The deadly crash involving a pedestrian and a self-driving Uber vehicle from last March has an additional wrinkle: distraction. Uber’s program required that autonomous vehicles in its fleet have safety drivers in case the technology fails. Safety drivers are forbidden from using their cell phones while the cars are operating. A report from local police show that the safety driver in question was using her cell phone to access Hulu at the time of the crash. In fact, the device had already been streaming from her Hulu account for 42 minutes when the vehicle struck and killed a woman crossing the street with her bike. The car was going 39 mph when the collision occurred.
An overwhelming temptation
Distracted driving is a rapidly growing problem on American roads. Countless people are succumbing to the temptation of their smartphones while driving. Most of these drivers have no expectation that the car is being operated safely during their inattention. They simply can’t resist looking away.

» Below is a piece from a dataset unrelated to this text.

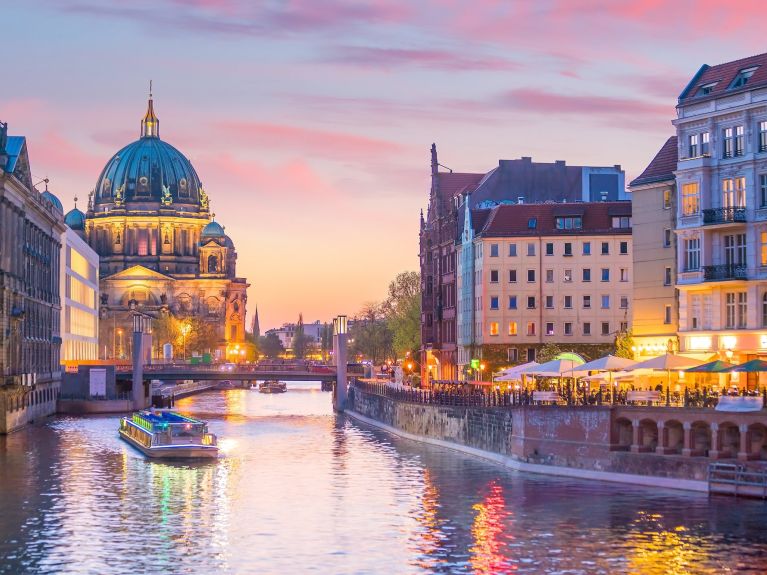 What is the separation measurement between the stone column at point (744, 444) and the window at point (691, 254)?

For people in autonomous or semi-autonomous vehicles, the temptation is exacerbated by the mistaken belief that safe driving will continue while their focus is elsewhere.
A difficult transition
The technology behind autonomous vehicles is still being developed. The companies behind the tech, as well as lawmakers, are likely to rely on human drivers as backup for some time before approving fully autonomous driving. The transition from human drivers to full automation would be difficult even if distracted driving weren’t such a growing problem. As it stands, the transition is likely to be disastrous. Few if any drivers can maintain the focus necessary to serve as a safety backup while cars drive themselves mile after mile.
Automated vehicles are likely to be much safer than human drivers in the long run. How we get from here to there remains to be seen. Any measure that relies on people to stay engaged behind the wheel despite not being primarily in charge is potentially asking for more than most people can give.